In fact, Conway says existing garages may be used just to handle the logistics of this kind of valet drop-off. The parking spaces would no longer require adjacency to the building. The car would drop off and pick up workers at the building, then drive to a remote parking space. The shift to mass drop-offs and pickups may also force rethinking access to buildings.


Credit: Eddie Fortuna

Car storage for autonomous vehicles would not require the same rigidity of today’s parking garages.
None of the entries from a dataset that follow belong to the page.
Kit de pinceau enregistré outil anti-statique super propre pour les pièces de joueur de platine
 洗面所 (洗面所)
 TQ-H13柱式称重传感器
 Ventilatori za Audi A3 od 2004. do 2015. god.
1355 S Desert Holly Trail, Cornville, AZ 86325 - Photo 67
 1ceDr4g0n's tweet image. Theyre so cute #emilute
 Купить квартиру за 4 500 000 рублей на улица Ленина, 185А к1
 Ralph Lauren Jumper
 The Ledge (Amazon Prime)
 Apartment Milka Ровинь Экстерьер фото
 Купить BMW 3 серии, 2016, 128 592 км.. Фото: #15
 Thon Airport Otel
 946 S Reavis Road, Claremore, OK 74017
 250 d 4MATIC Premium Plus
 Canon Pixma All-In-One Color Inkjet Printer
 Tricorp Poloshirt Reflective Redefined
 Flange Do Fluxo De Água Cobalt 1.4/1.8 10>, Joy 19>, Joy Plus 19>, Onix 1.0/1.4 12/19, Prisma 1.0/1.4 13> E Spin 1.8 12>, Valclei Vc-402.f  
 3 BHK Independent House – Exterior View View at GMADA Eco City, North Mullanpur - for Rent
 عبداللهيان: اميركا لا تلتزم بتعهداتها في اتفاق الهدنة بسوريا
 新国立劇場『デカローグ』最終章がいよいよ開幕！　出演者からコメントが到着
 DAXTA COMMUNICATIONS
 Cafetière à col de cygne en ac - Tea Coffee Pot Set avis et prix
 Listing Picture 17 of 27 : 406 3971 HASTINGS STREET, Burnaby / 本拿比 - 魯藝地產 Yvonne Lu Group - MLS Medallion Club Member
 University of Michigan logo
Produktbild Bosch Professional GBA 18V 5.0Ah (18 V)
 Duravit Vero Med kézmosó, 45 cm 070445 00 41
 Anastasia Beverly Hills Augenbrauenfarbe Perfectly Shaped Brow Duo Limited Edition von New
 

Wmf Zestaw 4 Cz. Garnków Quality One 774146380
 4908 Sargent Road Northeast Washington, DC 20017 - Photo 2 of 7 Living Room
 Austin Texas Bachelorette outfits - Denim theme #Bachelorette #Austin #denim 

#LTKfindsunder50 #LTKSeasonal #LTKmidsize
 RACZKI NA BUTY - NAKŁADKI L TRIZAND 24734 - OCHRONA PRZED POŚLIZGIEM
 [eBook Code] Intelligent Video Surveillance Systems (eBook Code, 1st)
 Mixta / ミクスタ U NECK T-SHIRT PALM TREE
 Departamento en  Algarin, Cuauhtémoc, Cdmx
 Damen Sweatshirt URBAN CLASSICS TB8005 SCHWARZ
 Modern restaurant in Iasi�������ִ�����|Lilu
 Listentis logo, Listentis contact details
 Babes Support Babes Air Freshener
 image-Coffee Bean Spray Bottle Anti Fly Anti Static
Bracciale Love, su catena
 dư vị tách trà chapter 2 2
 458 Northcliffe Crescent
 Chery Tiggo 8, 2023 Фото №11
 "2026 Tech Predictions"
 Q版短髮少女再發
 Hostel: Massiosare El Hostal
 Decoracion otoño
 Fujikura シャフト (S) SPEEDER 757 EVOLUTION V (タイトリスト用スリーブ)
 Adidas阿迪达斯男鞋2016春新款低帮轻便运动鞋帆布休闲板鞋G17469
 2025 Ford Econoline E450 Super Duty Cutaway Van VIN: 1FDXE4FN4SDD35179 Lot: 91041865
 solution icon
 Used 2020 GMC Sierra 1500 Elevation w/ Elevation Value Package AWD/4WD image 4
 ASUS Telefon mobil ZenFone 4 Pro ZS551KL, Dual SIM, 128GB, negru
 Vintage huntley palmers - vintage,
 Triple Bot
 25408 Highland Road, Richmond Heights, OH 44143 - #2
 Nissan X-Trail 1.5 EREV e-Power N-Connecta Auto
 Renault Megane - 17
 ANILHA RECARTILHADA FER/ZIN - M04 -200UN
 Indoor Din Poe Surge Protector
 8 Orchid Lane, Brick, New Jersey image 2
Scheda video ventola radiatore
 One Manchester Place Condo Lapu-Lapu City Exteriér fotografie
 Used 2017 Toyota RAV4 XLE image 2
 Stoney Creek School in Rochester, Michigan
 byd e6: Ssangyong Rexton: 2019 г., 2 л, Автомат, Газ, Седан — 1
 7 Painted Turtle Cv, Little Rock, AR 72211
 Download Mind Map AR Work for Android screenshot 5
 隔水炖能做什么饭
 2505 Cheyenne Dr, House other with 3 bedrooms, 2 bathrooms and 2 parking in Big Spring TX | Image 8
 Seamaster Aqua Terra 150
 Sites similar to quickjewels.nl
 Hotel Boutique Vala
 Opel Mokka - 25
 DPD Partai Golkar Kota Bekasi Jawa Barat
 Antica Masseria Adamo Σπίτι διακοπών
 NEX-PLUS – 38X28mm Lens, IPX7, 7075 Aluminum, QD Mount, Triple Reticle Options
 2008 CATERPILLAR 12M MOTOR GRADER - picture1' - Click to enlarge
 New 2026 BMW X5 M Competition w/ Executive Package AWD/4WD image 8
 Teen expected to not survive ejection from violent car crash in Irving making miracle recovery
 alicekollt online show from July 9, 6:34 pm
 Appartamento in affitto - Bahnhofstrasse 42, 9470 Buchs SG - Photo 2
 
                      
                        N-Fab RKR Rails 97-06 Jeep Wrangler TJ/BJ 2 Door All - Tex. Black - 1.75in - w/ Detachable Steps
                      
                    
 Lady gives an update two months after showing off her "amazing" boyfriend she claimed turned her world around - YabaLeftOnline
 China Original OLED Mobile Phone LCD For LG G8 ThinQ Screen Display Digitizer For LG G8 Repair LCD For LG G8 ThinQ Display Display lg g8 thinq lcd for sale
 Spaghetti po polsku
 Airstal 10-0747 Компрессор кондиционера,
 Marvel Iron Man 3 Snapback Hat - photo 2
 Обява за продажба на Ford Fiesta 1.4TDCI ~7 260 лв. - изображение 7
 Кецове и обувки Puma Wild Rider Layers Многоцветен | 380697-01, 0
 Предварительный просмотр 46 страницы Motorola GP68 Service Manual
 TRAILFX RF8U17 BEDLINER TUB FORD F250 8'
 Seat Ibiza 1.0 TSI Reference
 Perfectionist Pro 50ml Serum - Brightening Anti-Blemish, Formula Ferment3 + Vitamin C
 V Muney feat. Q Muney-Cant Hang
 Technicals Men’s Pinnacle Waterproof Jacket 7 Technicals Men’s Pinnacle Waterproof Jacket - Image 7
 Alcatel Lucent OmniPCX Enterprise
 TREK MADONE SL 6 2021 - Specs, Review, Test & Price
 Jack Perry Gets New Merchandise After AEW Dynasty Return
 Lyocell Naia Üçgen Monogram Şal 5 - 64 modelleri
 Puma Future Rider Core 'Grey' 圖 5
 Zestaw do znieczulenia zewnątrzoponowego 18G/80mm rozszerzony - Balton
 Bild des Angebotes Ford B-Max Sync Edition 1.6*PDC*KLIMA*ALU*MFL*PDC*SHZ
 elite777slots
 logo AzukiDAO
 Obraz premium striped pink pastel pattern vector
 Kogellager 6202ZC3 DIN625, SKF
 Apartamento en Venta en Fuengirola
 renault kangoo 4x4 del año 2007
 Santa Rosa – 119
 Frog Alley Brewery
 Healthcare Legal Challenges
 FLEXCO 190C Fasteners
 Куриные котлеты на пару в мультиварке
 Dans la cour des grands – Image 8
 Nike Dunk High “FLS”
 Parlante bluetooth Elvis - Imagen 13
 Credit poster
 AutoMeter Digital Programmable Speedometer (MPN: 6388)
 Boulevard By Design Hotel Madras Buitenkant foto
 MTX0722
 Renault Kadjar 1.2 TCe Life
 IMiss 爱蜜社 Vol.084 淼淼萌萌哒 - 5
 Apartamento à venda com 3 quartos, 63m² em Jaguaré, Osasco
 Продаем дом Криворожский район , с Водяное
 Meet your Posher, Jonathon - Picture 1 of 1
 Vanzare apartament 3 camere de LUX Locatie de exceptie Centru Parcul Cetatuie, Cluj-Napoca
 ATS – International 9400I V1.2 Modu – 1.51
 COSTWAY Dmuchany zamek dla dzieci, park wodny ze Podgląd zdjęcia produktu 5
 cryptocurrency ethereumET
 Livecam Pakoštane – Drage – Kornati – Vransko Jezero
The layout could stack the cars in a much more compact way. “The goal, of course, would be to build no parking, but we aren’t there yet,” Conway says.

There is a huge opportunity here to re-evaluate how to determine an adequate amount of parking, whether through no-parking requirements, a parking management district to help with mixed-use areas, or a maximum amount of parking per project. But there is also an economic advantage to managing the parking correctly. We have spent decades building space to park mostly in areas where the land is very valuable.


A generic study of a flat plate garage, with existing rules and constraints beginning with the scale of 60-foot modules (shown dashed). A universally understood dimension, 60 feet is required for 18’ parking spaces on each side of a 24’ drive aisle. Floor to floor heights could be coordinated to correspond with typical floor to floor heights in its future, as shown with the residential example, or they could be manipulated so that every other floor is partially removed, as illustrated in the office example. / Credit: Ricardo Leon

The economics at play make it enticing to build more profit-producing space in lieu of parking in areas like Uptown. The current vacant parking space and future vacant parking space are acting like a savings account for prime real estate.

So how can an underutilized parking garage get redeveloped? Well, it may not have been built to easily convert into another use, and tearing it down might be the best solution. But it’s worth thinking twice when building new garages: Is this a structure that can adapt when parking demand changes?

 

Jenny Thomason, AIA, is an associate at Omniplan.